Uninhabited atoll of central Kiribati

Rawaki is one of the Phoenix Islands in the Republic of Kiribati, also known by its previous name of Phoenix Island. It is a small, uninhabited atoll, approximately 1.2 by 0.8 km in size and 65 ha in area, with a shallow, brackish lagoon that is not connected to the open sea. It is located at .

The island is designated as a wildlife sanctuary. Kiribati declared the Phoenix Islands Protected Area in 2006, with the park being expanded in 2008. The 164,200 sqmi marine reserve contains eight coral atolls including Rawaki island.

==Flora and fauna==
===Rawaki's flora and fauna===
Rawaki has been described as being ham or pear shaped. Its highest elevation is approximately six meters. It is treeless, being covered mostly with herbs and grasses, and thus forms an excellent landing and nesting site for migratory seabirds and turtles. Unlike many other Pacific islands, no rats were noted on Rawaki during a 1924 scientific expedition. A colony of feral rabbits was introduced in the nineteenth century, but was eliminated in 2008.

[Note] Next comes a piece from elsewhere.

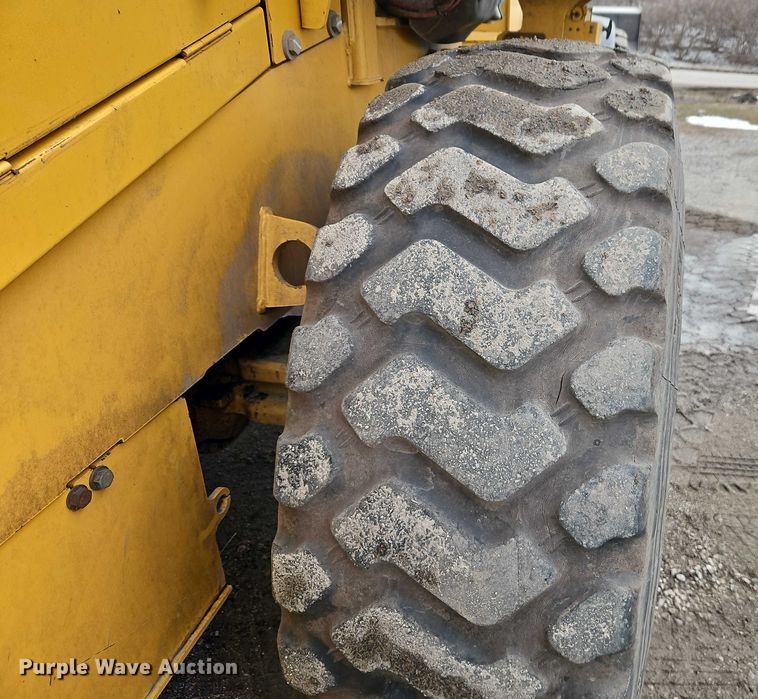 image for item FN5558 2015 John Deere 624K wheel loader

Rawaki has its own species of seabird tick, Ixodes amersoni. It also boasts various species of flies, moths, leafhoppers, green bugs, and spiders. Sea birds consist of sooty, grey, and white terns; frigates, petrels and shearwaters; boobies, migratory plover and curlew. Rawaki has never been invaded by rats so the bird populations have survived.

===Rawaki's reefs===
The 2000 surveys (Obura, et al.) identified that sites on the reef averaged 60% Live Coral Cover with coralline algae as the next dominant cover category in shallow water. Unlike other islands in the Phoenix Group sites, branching corals were not dominant at Rawaki with highest cover contributed by encrusting/submassive colonies or coral plates. Massive corals were also significant in abundance, reflecting the origin of the coral bommies that form the main reef substrate of the sites. The most abundant coral species at Rawaki Island were: Acropora cytherea, Montipora efflorescens, Cyphastrea chalcidicum, Goniastrea stelligera, Leptastrea purpurea, Montastraea annuligera, Pavona varians, Pocillopora grandis, Porites lutea.

==History==
Unlike some other islands in the Phoenix group, Rawaki does not seem to have ever been inhabited by prehistoric Polynesians or other Pacific islanders.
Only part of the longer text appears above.